I have always wanted a child of my own, I have been told numerous times over the years by many people that I would be an awesome mother….. that only makes my heart sink even more…. I realized over the last 3 years, even with a very supportive and loving partner who has committed to me to live a life together, that until I am financially secure and comfortable, I cannot bring a child into this world….because until then, I will not be able to support and spoil my child the way he or she needs to be taken care of, the way I know I would spoil my child. I want to give my child everything of the best and anything that will support his or her well-being and conscious growth, and I have not been, nor am I now in a position to do so. Personally, I think it would be too selfish of me to bring a child into this world that I cannot support financially. I never want my child to lack or to struggle for anything because of my circumstances. It’s just not something I can do, it would break my heart to see my child suffer.

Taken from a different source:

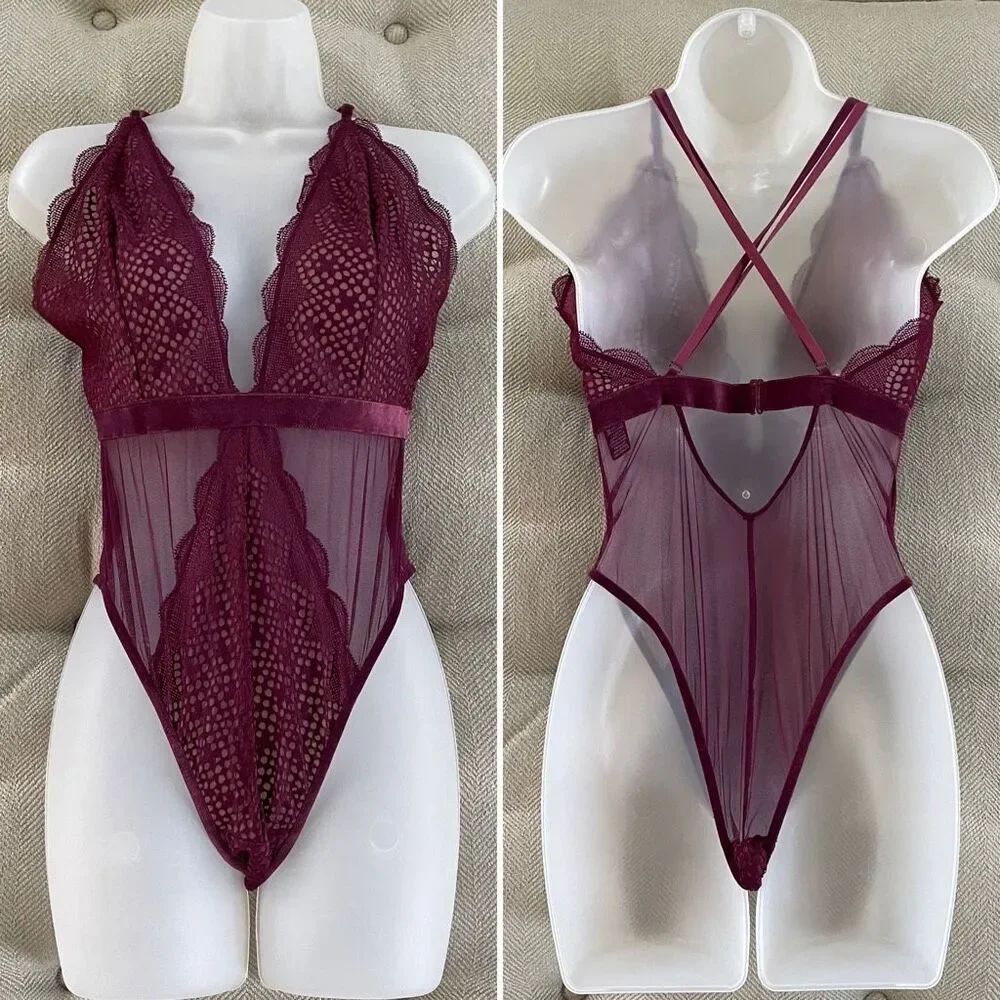 Victoria’s Secret Burgundy Bodysuit Lingerie L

Many have suggested I have a child before the body clock finally stops ticking, (and it’s ticking away), and be assured that my Mother can help me when I need to work. Firstly, my Mom has had her time raising 3 children, has had her time working, this is her time to enjoy her life of retirement and to relax. It’s not right for me to expect her to take care of my child while I work to support my family life. Secondly, my mom is not the grandmother type. I know this and so does she.
I have spent many a meditation practice in tears trying to understand why that dream I had to have children by thirty did not happen when I do love children. Why do you want a child….? I’ve been asked so often…. Because a child can give you the kind of unconditional love that no other human being can give you in this lifetime, because it is a bond like no other.. Because I have that love to give.
With my Yoga journey and sitting on the mat in stillness, I’ve come to slowly heal my broken heart with the acceptance that not having my own children may not be God’s plan me, that it is not part of the motherly love purpose I have to give. The healing gifts of Yoga and meditation have helped me to accept that if I cannot give my nurturing love to my own daughter or son, then my purpose is to give it fully to others. I can offer my nurturing and my love to those I serve, not just in my personal life, but those I serve when I teach.
I’m not going to lie to you…. It still hurts when I see a baby, when a see a toddler smile at me, when I hear how friends speak of their children and how there is nothing like it in the world. To those of you who are quick to judge women of a certain age who don’t have children, please remember, there is always another side to the story.
I have been gifted with the acceptance and love of my partner’s two daughters for which I am so grateful. I can freely give them my love and feel part of a family….part of God’s plan after all.
I sit and work at my 3 – 5 year vision and plan for my life knowing that will lead me to 50 and there will be no turning back to have children. I will sit in meditation seeking guidance, healing and assistance to not have regrets, to not be bitter, to stay in love and in flow with my purpose. I will ask my Yoga and meditation practice for further healing and to expand my heart ever more with love that I can share on and off the mat. Without Yoga and my meditation practice, I not only would have been very broken, but also, not able to accept and to move one.